Gabriel Marcel (1889-1973 ) est un philosophe, dramaturge, critique littéraire et musicien (à ses heures perdues). Auteur de nombreuses œuvres philosophiques et de pièces de théâtre, au crépuscule de sa vie il a décidé d’écrire non pas ses mémoires mais des pensées lui venant lorsqu’il jette un regard sur toutes ces années passées à réfléchir, analyser, écrire sur le sort de l’Homme.

Au cœur d’une période si fertile en philosophes de tous bords, il a aussi développé un courant que l’on a appelé « existentialisme chrétien » pas vraiment compatible avec l’existentialisme de Sartre semble-t-il. Bref, l’Homme n’est pas déterminé par quiconque mais libre et responsable de son existence. Gabriel Marcel s’étant converti à la religion catholique il ajoute Dieu à son existentialisme et là commencent les problèmes conceptuels. Mais qu’importe, il explique ce qu’il croit et n’exclut rien, y compris le spiritisme dont certaines expériences l’ont marqué.

La guerre de 14-18 a précédé sa conversion et l’a poussé vers l’existentialisme, quoi de plus symbolique de la liberté que celle prise par les hommes de s’entre-tuer ? Son passage au catholicisme en 1929 est sans doute le fait marquant de sa vie, et de sa pensée, sur lequel il ne cesse de s’interroger, voire de se justifier. Il reconnaît toutefois « le caractère hasardeux de l’engagement [souscrit] » et n’exclut pas totalement qu’il existe « une marge d’incertitude » quant à la réalité de la résurrection du Christ qui pourrait un jour être contredite. Malgré tout, création, compassion, universalité, mystère [« ce qui n’est pas problématisable »]… sont des concepts qu’il vit « charnellement » et qui nourrissent ses réflexions sur cette religion à laquelle il s’attache en pleine connaissance de cause, non comme à une bouée de sauvetage à ses angoisses mais qu’il reçoit comme une éclairante certitude intellectuelle. Pour lui les valeurs chrétiennes ne peuvent pas être vécues sans la foi et l’existence de cet humanisme semble justement lui confirmer l’existence de Jésus. Chacune de ses pièces de théâtre semble inspirée par ces réflexions. Il reste à les lire !

Au-delà de ce retour sur des décennies de foisonnantes réflexions philosophiques il note quelques passages de l’Histoire et de son existence : le décès du Général de Gaulle qui après une vie de combats glorieux souhaite être enterré dans un petit village de France auprès de sa fille Anne handicapée et morte très jeune ; le procès des basques de Burgos par le régime de Franco en 1970 ; l’adoption de son fils « … une sorte de greffe spirituelle » ; la musique « …capable de traduire cette conjonction du chagrin et de la joie, qui ne se laisse pas exprimer dans un langage conceptuel [au sujet de l’armistice de 1918] » ; le décès de sa femme et d’autres proches…

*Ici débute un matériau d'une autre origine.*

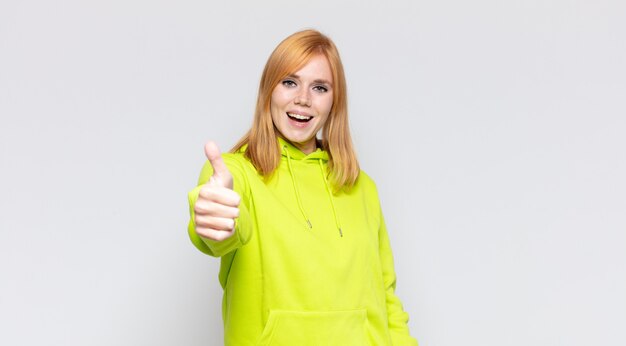 Mujer bonita cabeza roja que se siente orgullosa, despreocupada, segura y feliz, sonriendo positivamente con los pulgares hacia arriba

Gabriel Marcel connut une reconnaissance certaine de ses pairs, y compris à l’étranger. Docteur honoris causa dans nombre d’universités, récipiendaire de nombreux prix… ce livre retrace quelques étapes du parcours d’un humaniste du XXème siècle éclairé par la foi catholique. Les non-initiés ne comprendront pas tous les concepts abordés mais on pressent un humain qui participa à cette grande tâche de la Pensée et c’est bien là le plus fondamental.